■ Required work: Your copy should repeat the data that follows exactly and contain no image.

Items from a data source:
━━━━

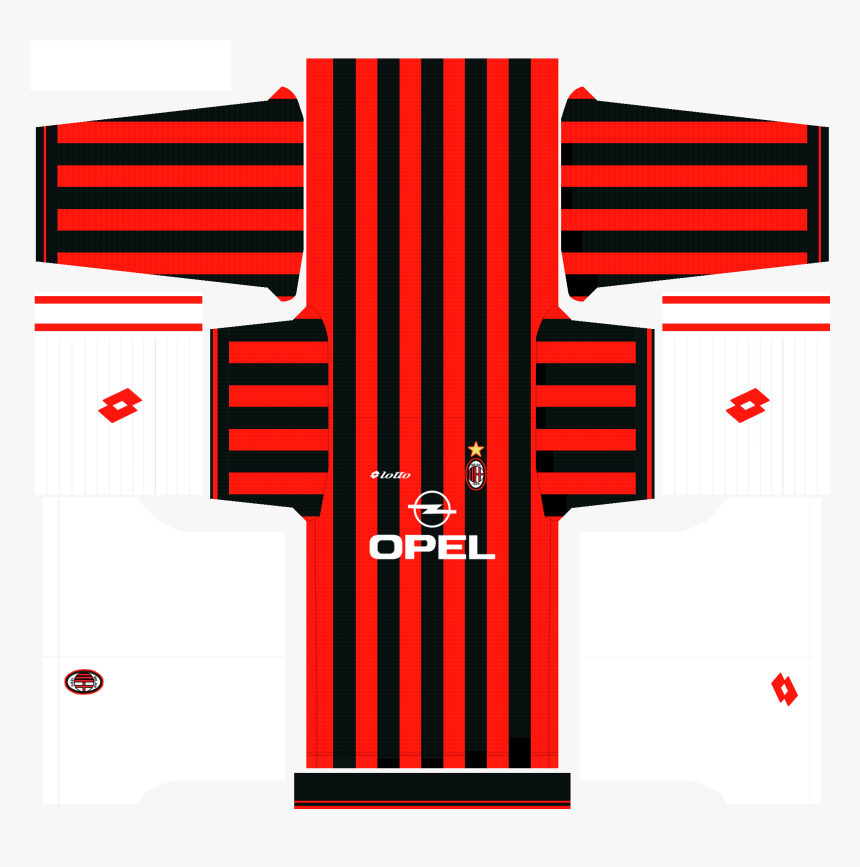 Kit Ac Milan Pes, HD Png Download, Free Download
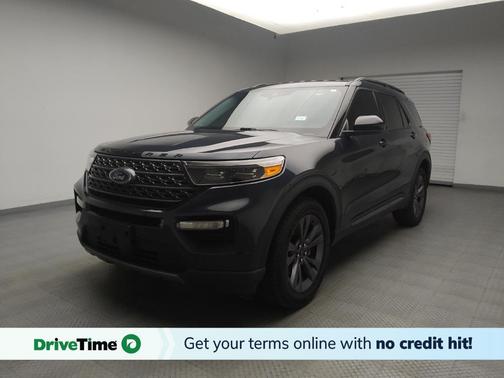Stone Blue Metallic 2022 Ford Explorer XLT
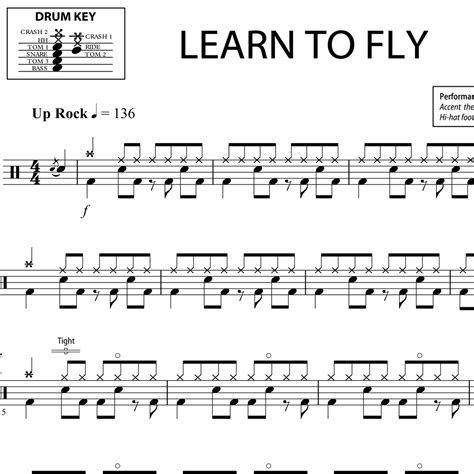 Learn To Fly - Foo Fighters - Drum Sheet Music | OnlineDrummer.com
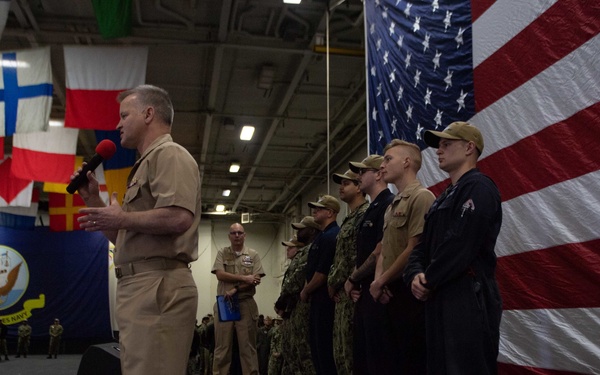 Commanding officer presents NAMs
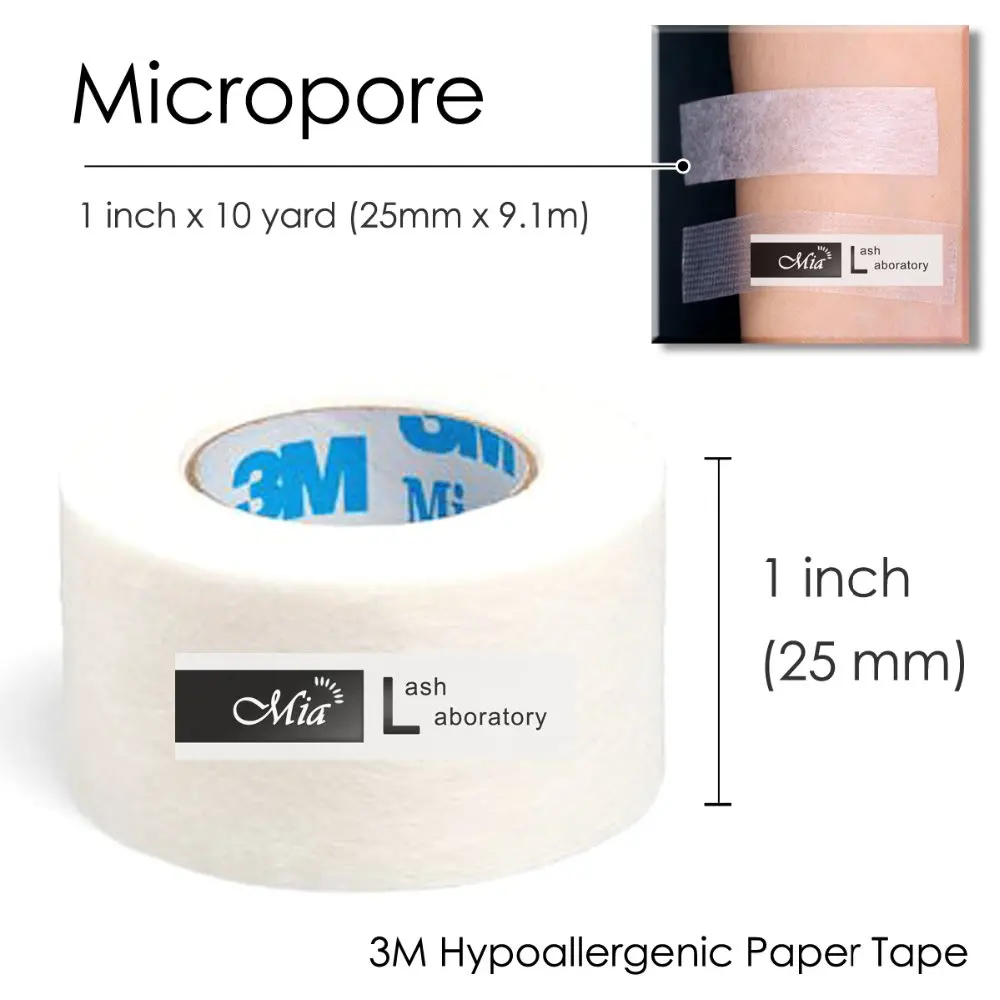 

6 рулонов [1 ''] Micropore, модель 3M, медицинское дышащее средство для расширения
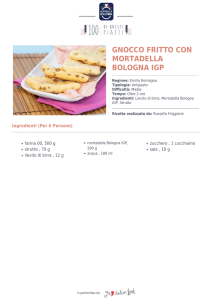 GNOCCO FRITTO CON MORTADELLA BOLOGNA IGP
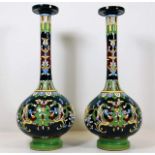 A pair of large Amphora style art nouveau vases 15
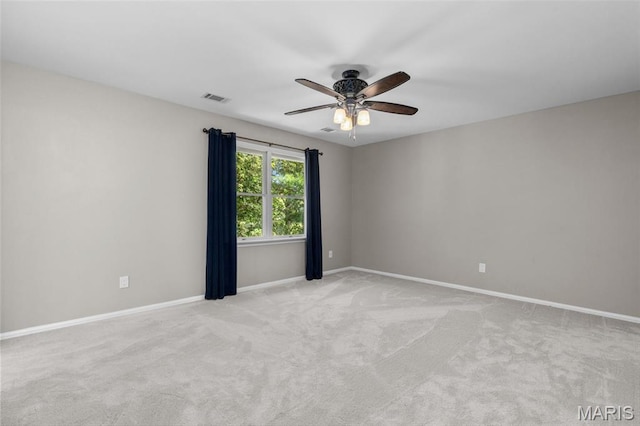 15495 Long Castle Forest Ct, Chesterfield, MO 63017 - unfurnished room with ceiling fan and carpet flooring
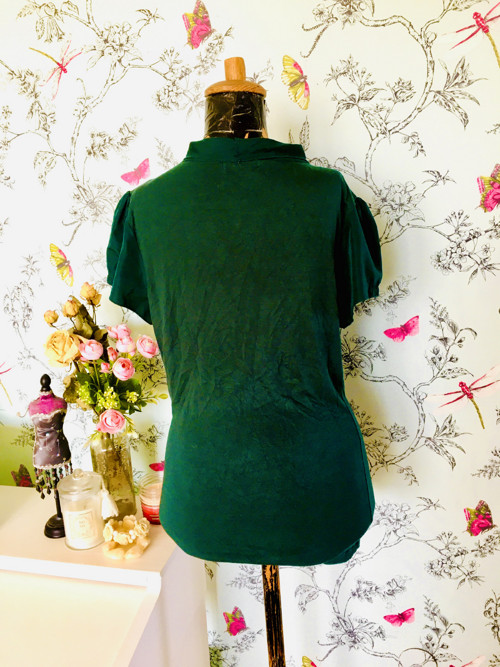Halenka vintage ve smaragdu — foto 4
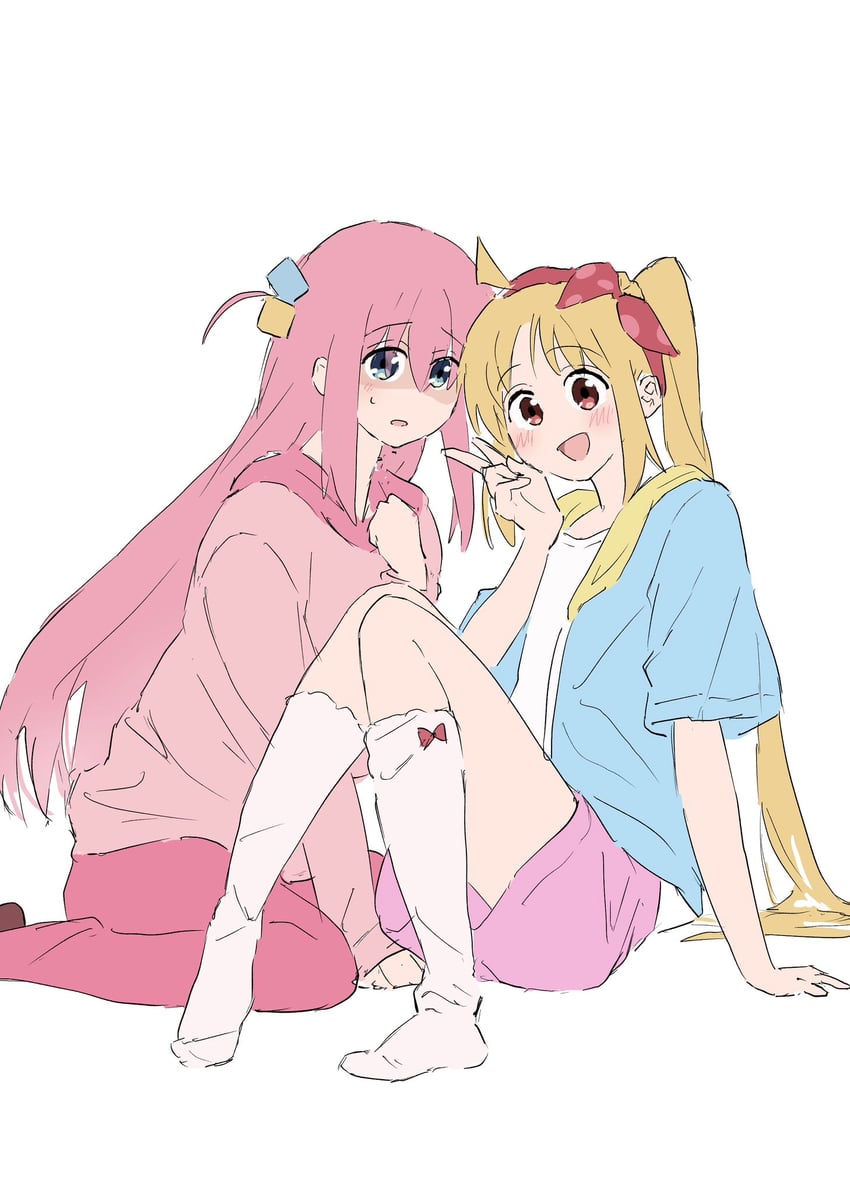 gotoh hitori and ijichi nijika (bocchi the rock!) drawn by ookiiayu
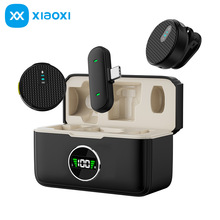 新款私模M40无线领夹麦克风一拖二带屏显直播用降噪收音蓝牙话筒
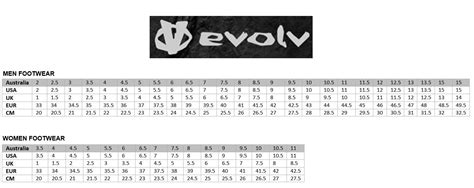 Evolv climbing shoes sizing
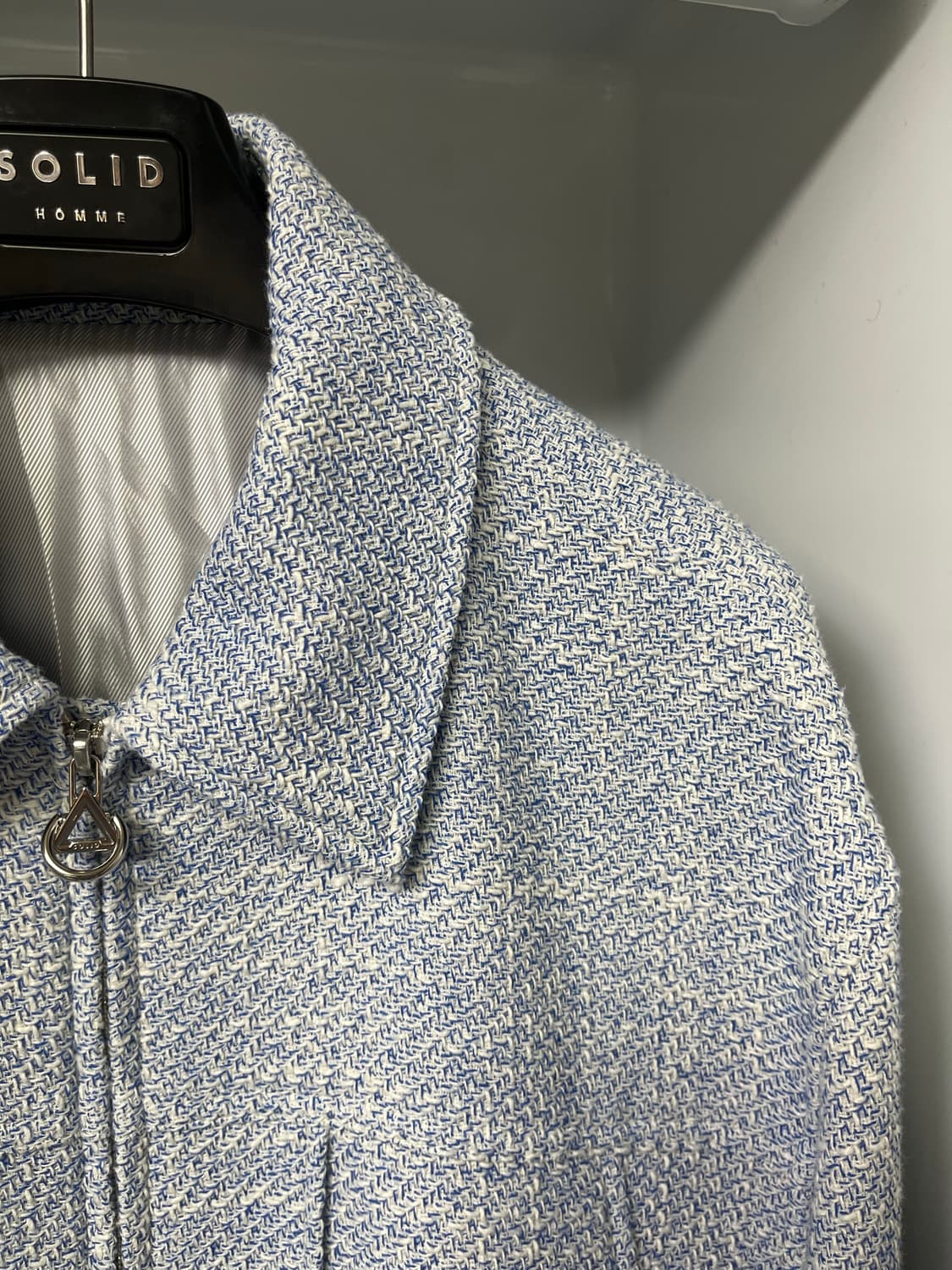 솔리드옴므 24ss 블루 트위드 자켓 상품이미지3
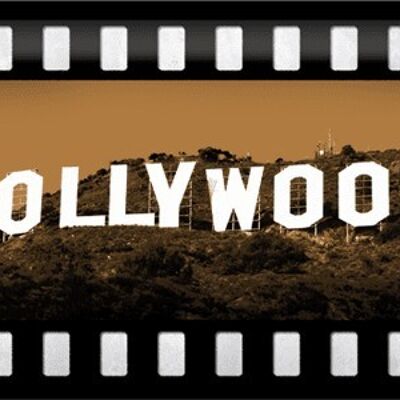 Placa de metal - Hollywood - Hollywood Hills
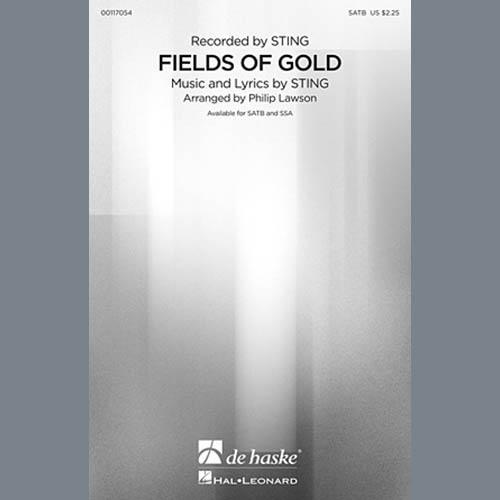 cover: Fields Of Gold (arr. Philip Lawson), Sting, Chor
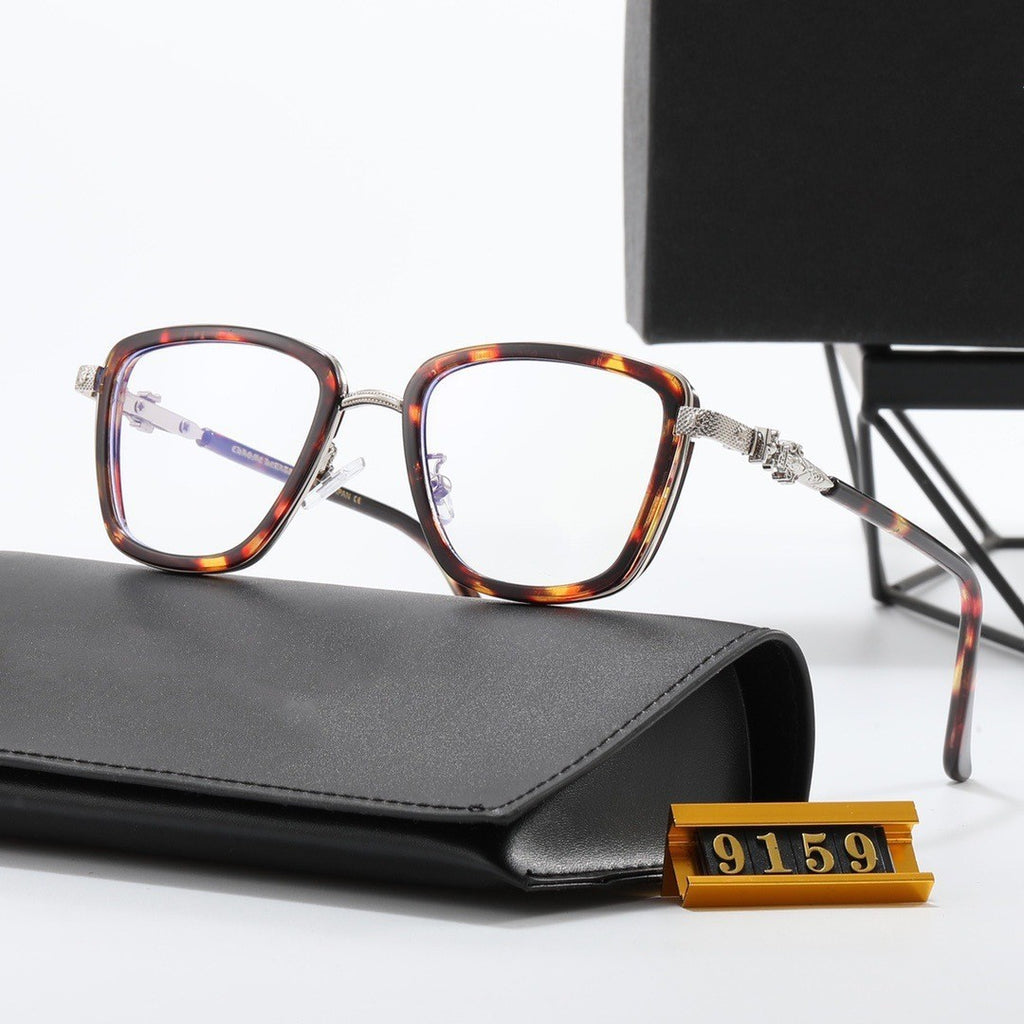 2024New Style Non-Prescription Glasses Fashionable Versatile Enhance Temperament Simple Yet High-End European and American Style9159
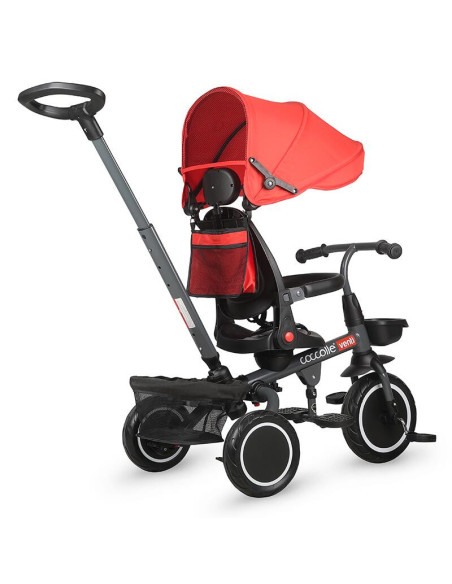 323010820,Tricicleta multifunctionala Coccolle Venti Chili pepper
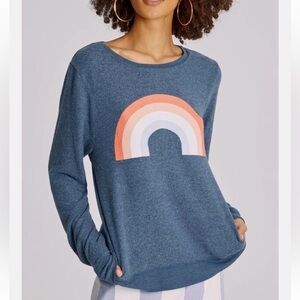 Wildfox Freedom Freedom Rainbow Sweatshirt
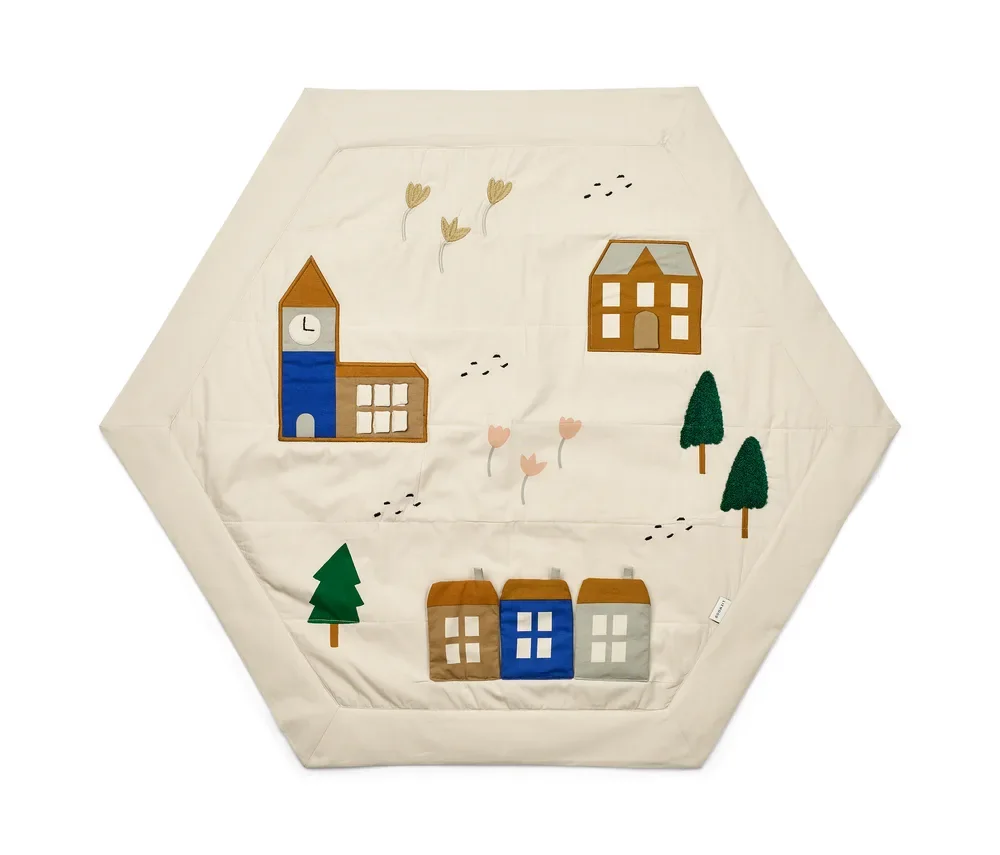 Liewood Krabbeldecke baby, Spieldecke, Aktivitätsdecke - Adonna, Farbe: Downtown / Sandy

━━━━

■ Expected answer:
 Kit Ac Milan Pes, HD Png Download, Free Download
Stone Blue Metallic 2022 Ford Explorer XLT
 Learn To Fly - Foo Fighters - Drum Sheet Music | OnlineDrummer.com
 Commanding officer presents NAMs

6 рулонов [1 ''] Micropore, модель 3M, медицинское дышащее средство для расширения
 GNOCCO FRITTO CON MORTADELLA BOLOGNA IGP
 A pair of large Amphora style art nouveau vases 15
 15495 Long Castle Forest Ct, Chesterfield, MO 63017 - unfurnished room with ceiling fan and carpet flooring
Halenka vintage ve smaragdu — foto 4
 gotoh hitori and ijichi nijika (bocchi the rock!) drawn by ookiiayu
 新款私模M40无线领夹麦克风一拖二带屏显直播用降噪收音蓝牙话筒
 Evolv climbing shoes sizing
 솔리드옴므 24ss 블루 트위드 자켓 상품이미지3
 Placa de metal - Hollywood - Hollywood Hills
 cover: Fields Of Gold (arr. Philip Lawson), Sting, Chor
 2024New Style Non-Prescription Glasses Fashionable Versatile Enhance Temperament Simple Yet High-End European and American Style9159
 323010820,Tricicleta multifunctionala Coccolle Venti Chili pepper
 Wildfox Freedom Freedom Rainbow Sweatshirt
 Liewood Krabbeldecke baby, Spieldecke, Aktivitätsdecke - Adonna, Farbe: Downtown / Sandy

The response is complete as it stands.